Il 4 giugno di quell’anno il parlamentino delle parti sociali approvò un documento preparato dalla commissione Lavoro, della quale facevano parte figure storiche del sindacato come Piero Boni (Cgil), che era presidente della stessa commissione, Giorgio Benvenuto (Uil), Luciano Lama (Cgil) e Danilo Beretta (Cisl). E c’era pure Vittorio Merloni, presidente della Confindustria dal 1980 al 1984. Il documento, al quale in un primo tempo aveva lavorato come relatore Gino Giugni (il giuslavorista padre dello Statuto dei lavoratori del 1970 che contiene l’articolo 18), poi dimessosi quando venne eletto al Senato per il Psi, addebitava, già allora, all’articolo 18 «assurde disparità di trattamento», perché «contrappone un’area ristretta di lavoratori iperprotetti a un’area molto più vasta di lavoratori privi di qualunque protezione», quelli delle aziende fino a 15 dipendenti. E concludeva: «L’esperienza applicativa dell’articolo 18 dello Statuto non suggerisce un giudizio positivo sull’istituto della reintegrazione, che nei termini generali in cui è previsto nel nostro diritto non trova riscontro in alcun altro ordinamento».
La commissione proponeva quindi, guardando anche allora al modello tedesco, di limitare il diritto al reintegro ai soli licenziamenti discriminatori come era previsto (si spiega nel documento) nel testo originario dello Statuto presentato dal ministro del Lavoro Giacomo Brodolini, poi modificato in Parlamento.
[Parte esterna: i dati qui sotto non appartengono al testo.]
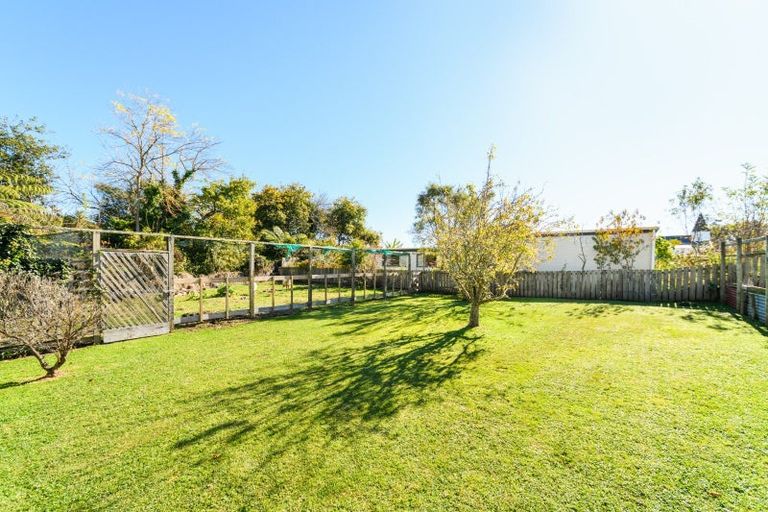 Photo of property in 106 Pukepapa Road, Marton, 4710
Per gli altri licenziamenti si suggeriva invece la riassunzione o l’indennizzo a scelta del datore di lavoro. Tutte queste regole il Cnel le proponeva però per le aziende con più di 5 dipendenti, secondo l’allora regola vigente in Germania (questa soglia è poi stata alzata a 10).
Lo schema di relazione fu «approvato» «dopo un ampio e approfondito dibattito» in commissione il 3 aprile 1985, è scritto nella premessa del documento pubblicato in seguito dal Cnel. Poiché non si specifica altro se ne deduce che passò senza voti contrari, spiegano al consiglio nazionale. In Aula, invece, fu approvata «a maggioranza» il 4 giugno 1985. Non erano presenti né Lama né Merloni, come risulta dal verbale di seduta di quel giorno. I voti dei presenti non sono annotati. Ma si sa che i sindacalisti votarono a favore e la Confindustria contro, perché voleva soluzioni più severe. Erano in anticipo sui tempi. Al sindacato, in particolare alla Cgil, non sono invece bastati 27 anni per convincersi che l’articolo 18 andava riscritto.